En attendant les Barbares

Ist vermutlich eine Generationenfrage, aber ich verspüre ein schlechtes Gewissen, wenn ich am Vormittag den Fernsehstream anwähle. Es erscheint Kapitän Blaubär, den gab es zu meiner Zeit als legitimer Rezipient der Sendung mit der Maus noch nicht; damals war es der tschechoslowakische Maulwurf, der mit seinem terrazzohaften Maulwurfshaufen und vor allem auch mit seinen piepsenden Geräuschen meine Ästhetik maßgeblich geprägt haben wird. Wenn ich mir dagegen nun den Käpitän Blaubär anschaue: schaut aus wie ein mittelprächtiger Wärmflaschenüberzug. Ich mache drei Kreuze.

Die Sonderausgabe der Tagesschau zum Abstimmungsergebnis der Mitglieder der Sozialdemokratischen Partei Deutschlands zur Großen Koalition beginnt pünktlich um 8 Uhr 50 mit der Nachricht, dass es zu einer Verschiebung kommen wird hinsichtlich der Verkündigung des Abstimmungsergebnisses. Die Sendung ist auf 40 Minuten angesetzt. Moderiert von der seltenen Kirsten Gerhard, es berichtet Bettina Scharkus aus Brüssel; in Berlin steht Tina Hassel vor einer Statue von Willi Brandt. Gegen 10 nach 9 lässt sie in ihre Rede einfließen, dass die Gerüchte besagen, die Abstimmung sei zugunsten der Großen Koalition verlaufen. Das nimmt freilich die Spannung. Another 20 minutes to go.
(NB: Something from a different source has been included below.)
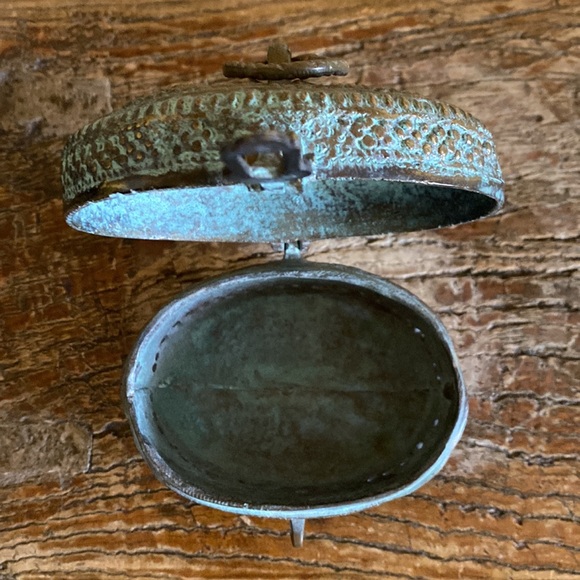 🦋Rare🦋Antique 1940’s Brass Cricket/Trinket Box - Picture 4 of 7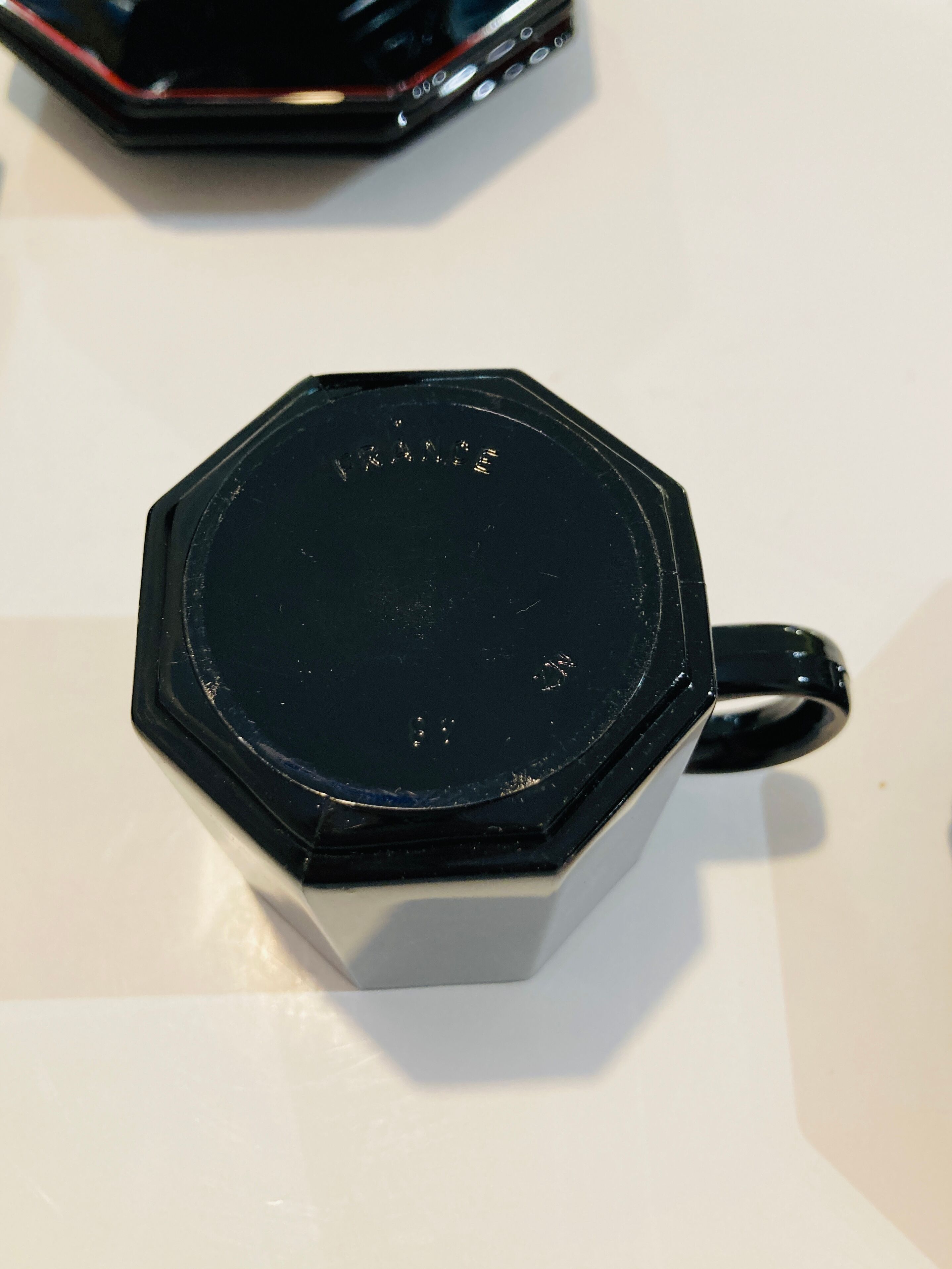 6 coffee cups octime arcoroc- esso collection - black and red - vintage - retro - kitchen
Tina Hassel ist als Reporterin der alten Schule freilich just a camera in front of a camera. Mit einem nervös gemeinten Augenzwinkern raunt sie, dass auch Kevin Kühnert noch eine Ansprache halten wird. Doch, so gibt sie zu bedenken: bereite der sich zur Stunde noch auf seinen Auftritt vor. Durch diesen rhetorischen Trick entsteht bei mir unweigerlich ein von Tina Hassel induziertes Bild des nackten und schwer muskulösen Monsters namens Kevin, das unterdecks bei Kapitän Blaubär von diesem nur mühevoll und vermittels schwerer, ölverschmierter Ketten im Zaume gehalten werden kann.

Den Rest erspare ich mir. Die totale Zeitgenossenschaft ist halt leider nichts für mich. Am Freitag hingegen, auf dem Geburtstag von Nina, setzte sich zu später Stunde Malakoff noch an den Flügel, der dort glücklicherweise zur Verfügung stand, und spielte Anin Goldkind, wie ich es schon viele Male von seinem Album gehört hatte. Nur war es jetzt live, die Melodie entstand vor meinen Augen und in meinen Ohren. Ich habe seine Hände gesehen.